Jetzt flüstert dieses Buch als Film seine Botschaftin die dunkeln Kinosääle: In leisen Bildern, in langsam fliessenden, manchmal gar, um der Sache Willen, stockenden Worten. Der Film wirft ein Licht auf jene Greuel, die religiöse Verblendung und grenzenlose Bewaffnung überall in der Welt anrichten. Rahimi hat sich, als Cinéast wie als Schriftrsteller, auf seine einfache Parabel verlassen.
Der Gotteskrieger hört nur im Koma seiner jungen Frau zu. Er kann weder sprechen noch sich bewegen. Selbst mit seinem Atem kann er sich nicht verständlich machen. Wie ein Stein liegt er da, und muss sich anhören, was seine Frau ihm zu sagen hat.

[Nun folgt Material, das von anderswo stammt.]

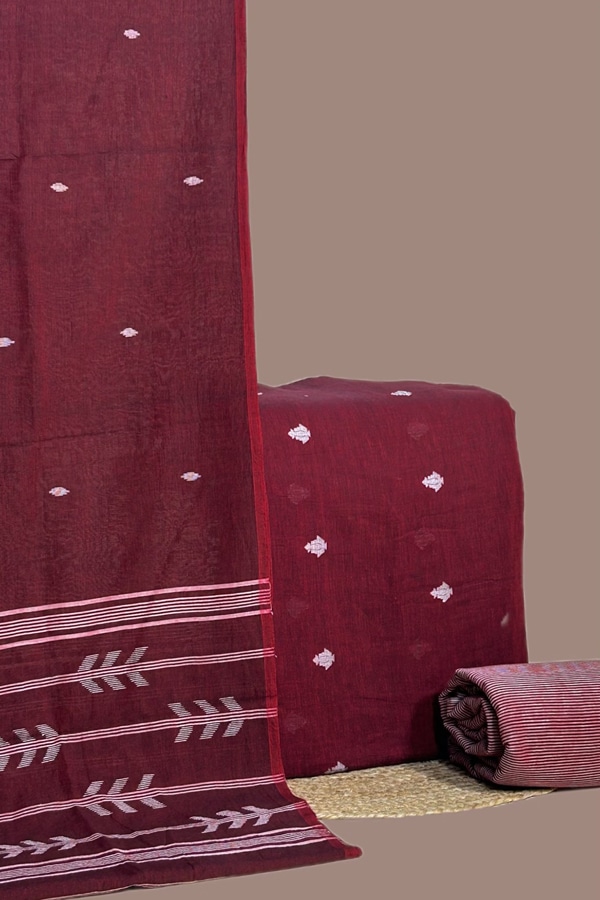3Pc Handloom Cotton Dupatta with Woven Motif Top & Handloom Soft Cotton Bottom Fabric Set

Während draussen der Krieg tobt, vollbringt die junge Frau in ihrem Versteck eine Heldentat nach der anderen.
Sie ernährt ihre Kinder. Sie beschafft Medizin für Ihren Mann. Sie überlistet die Soldaten. Sie betet. Sie ehrt ihren Mann. Sie ist eine Heldin. Die eigentlichen Heldentaten dieser jungen Frau aber liegen im Mut ihrer Erzählungen. Ganz langsam öffnet sie den Vorhang über den Greueln, die sich über sich hatte ergehen lasssen müssen. Wort um Wort arbeitet sie sich zur Befreiung von der Last vor, die ihr Mann mit aller sexuellen Unterdrückung ihr auf die Schulter bürdete.

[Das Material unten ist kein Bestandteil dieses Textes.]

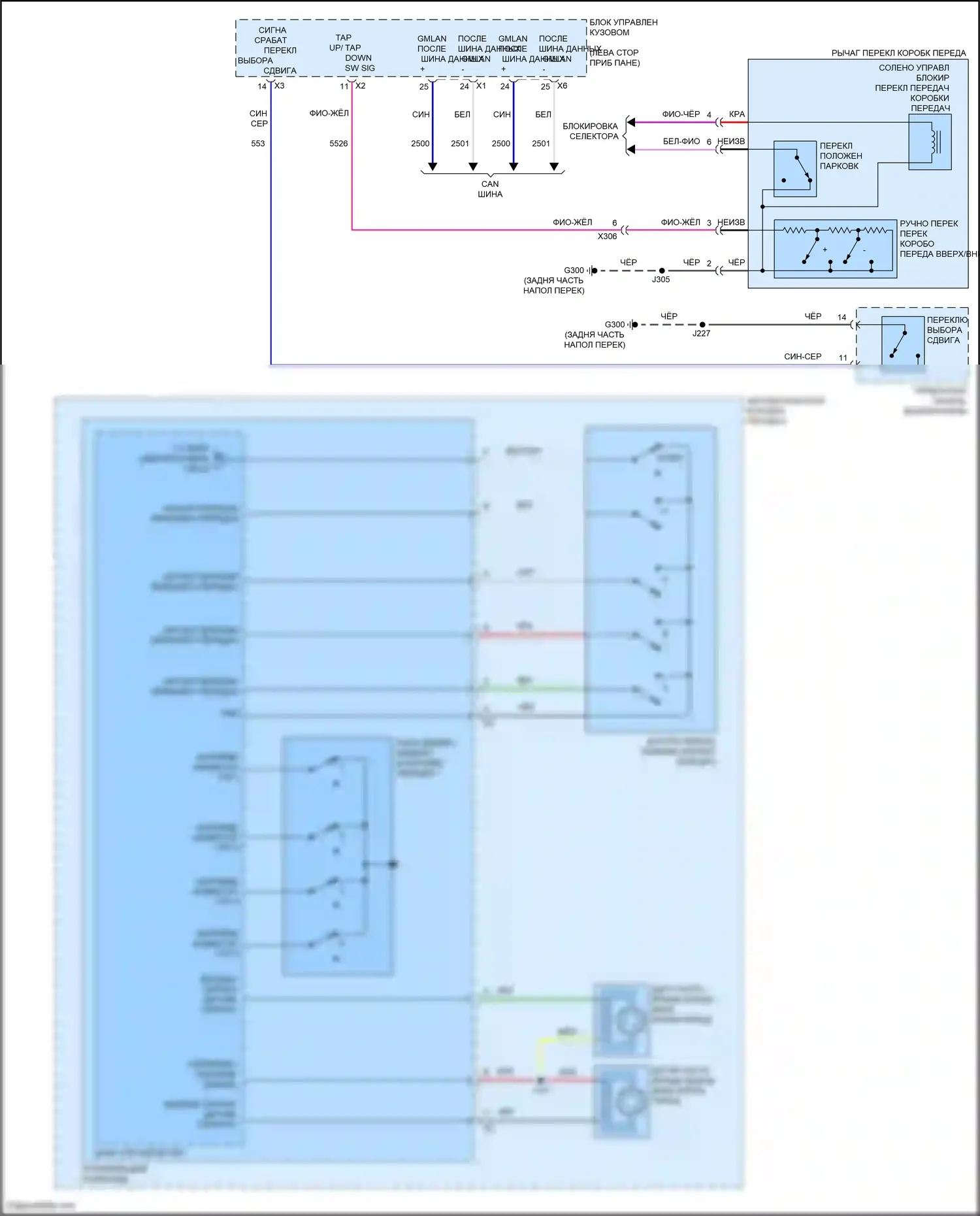 Canyon GMC II рестайлинг (2020-2022): Электросхема автоматической коробки передач, 6-ступенчатая (2 из 2)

Als alles nichts mehr hilft, sucht sie die Unterstützung der einzigen Verwandten in der Umgebung, die ihr jetzt noch helfen kann: Ihre Tante, die als Kurtisane arbeitet. Sie arbeite Sure um Sure die fundamentalistische Sexualfeindlichkeit ab, tastet sich mit einem Fremden, dem stotternden Soldaten, wieder zurück in die Sprache der Liebe. Keinen Kämpfer, keinen Kriegshelden, sondern einen stammelnden Jüngling findet sie zum Liebesspiel, bis es zum Schluss – wir ahnten es, als die Tante ihr vom Tod ihres Gatten erzählte – zum letzten Akt der Befreiung kommt. Der Stein der Geduld zerbricht.
Es ist ein Schrei, der da mitten aus den Kriegswirren zarten, literarisch Trost spendet: Diese Frau, die dem Irrsinn der religiös verblendeten Männerwelt, ihre Suche nach Sinnlichkeit und Sinn entgegensetzt, formuliert in ihrer Erzählung ein langsam dahinfliessendes Gedicht. Wie sie all die Details ihres Leidenswegs ihrem reglosen Mann erzählt ist mehr als eine Metapher. Nur die Todesstarre kann einen religiösen Fanatiker zum Zuhören bewegen.
«Wer keine Liebe machen kann, muss Krieg führen», ist die Quintessenz, die die junge Schönheit wie eine Überschrift über den Kriegsirrsinn der Männer setzt. Sie setzt der Gewalt genau diese Sehnsucht entgegen: Ihre Suche, wie denn Liebe zu machen sei, macht klar, welch ein gewaltiger Befreiungskampf der Frauenwelt in jenen Ländern noch bevorsteht, ehe sie den Satz des Propheten umkehren kann: «Wer keine Kriege braucht, kann die Liebe ernten.»